Directed by: Catherine Hardwicke
Premise: A teenage girl (Kristin Stewart) new in
town begins a love affair with a vampire (Robert Pattinson).
What Works: The film has some very effective
casting, especially Kristin Stewart who brings a lot of vulnerability to her
role. By far the most interesting scenes in the film are between Stewart’s
character and her father (Billy Burke). The father-daughter relationship is
effectively done and has sufficient humor and rise and fall of emotion that
makes it the best thing the film has to offer.
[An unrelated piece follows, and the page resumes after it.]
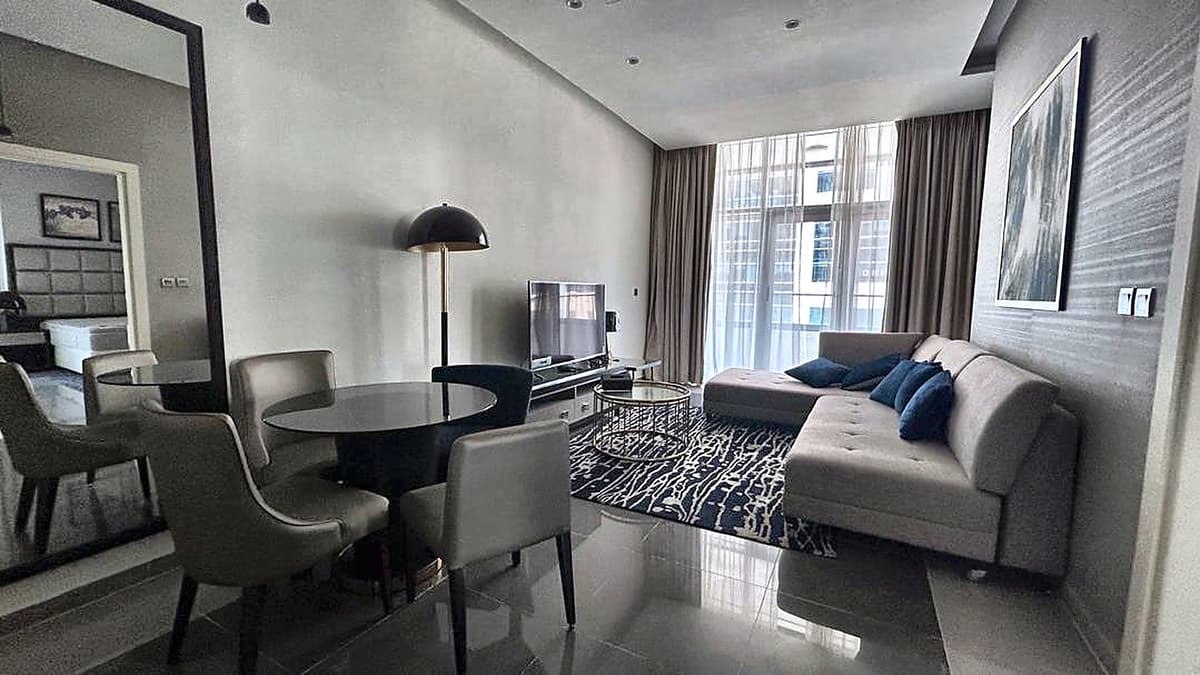 Dubai luxury property listing - Photo 5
What Doesn’t: Twilight is plagued by clichés
of recent vampire lore. So much of this film has been done before and done
better in Buffy
the Vampire Slayer, Interview
with the Vampire, True
Blood, Moonlight, Forever Knight, Near Dark,
and The Lost
Boys. The film is also deeply clichéd as a high school romance. Just as
in Mean Girls, Heathers, Cruel
Intentions and a million other stories like it, the shy new girl gets in
with the hip crowd and finds her friend and family relationships strained as a
result. Twilight gets further into trouble in that it does neither the
high school romance genre nor the vampire genre very well. The romance is flat
with the two falling in love right away and the story violates the most basic
guideline of a successful love story, which is to create an impossible obstacle
that keeps the two lovers from getting together. Even though Pattinson’s
character is a vampire, that obstacle is quickly discarded and the movie spends
most of its screen time on repetitious montages of Pattinson and Stewart running
around the woods and laying in the grass together. There is no conflict in the
film until the very end when vampires who look like rejects from Blade show up for no particular reason and instigate some vampire-versus-vampire
warfare, but by then it’s too late and none of it is done that well.
Bottom Line: Twilight is a mediocre vampire film and even worse as a romance. Audiences would be better served by spending their time and money renting some other incarnation of this story on DVD.